Is there an existing icon that is recognized as a request / suggestion that a user rotate their mobile device?

I am converting an OLD website to be more mobile friendly. (responsive) I have existing forms that already fit decently if viewed in landscape mode, (My test device is relatively small, the Samsung Galaxy Avant) so one option might be to give them alternate content asking them to rotate their device for a better view.

I'm not sure if a tilting rectangle or rotational arrows (or combination of the two) is better. (Along with, not instead of, English text)

  • In typing the question, I thought of another way to search and came up with this: google.com/… I'll look through those and see if anything works well. I'm still open to any suggestions.
    – TecBrat
    Commented Jul 10, 2015 at 10:52
  • Displaying the form in landscape mode will naturally prompt the user to rotate the device. Commented Jul 10, 2015 at 15:15

3 Answers 3


This search seems to yield quite a few results: https://www.google.co.uk/search?q=rotate+screen+icon&espv=2&biw=1342&bih=648&source=lnms&tbm=isch&sa=X&ei=IaSfVcmCB8at7AbSwIHYBQ&ved=0CAYQ_AUoAQ

Most of them seem to be based on a stylised phone icon either show at an angle with one or two arrows to denote rotation direction or the device overlayed in both portrait and landscape orientations with a double headed arrow denoting some amount of flexibility.
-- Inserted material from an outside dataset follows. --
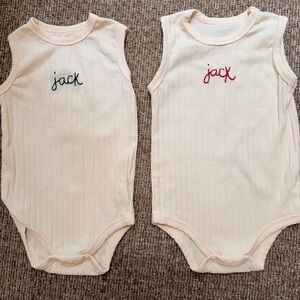 NWOT SET OF 2! Hand-stitched “Jack” Onesies!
I would go both tilting rectangle and arrow.

The arrows a standarized icon for refreshing/synchronizing so I won't use them alone.
The rectangle alone doesn't say too much by itself, the motion part .

Android uses something like this (although I don't really like that arrows) and the labeling also helps a lot:

enter image description here


Ask yourself first why you need an icon? Rotating one's mobile device is a fairly common and one could argue, intuitive interaction. If people need more room, they often naturally tilt it into landscape by default.

I'd argue the icon is completely superfluous. The number of people that would a) be frustrated that things don't fit well in portrait and b) not know that they can rotate the screen and c) understand what that icon means is probably really small.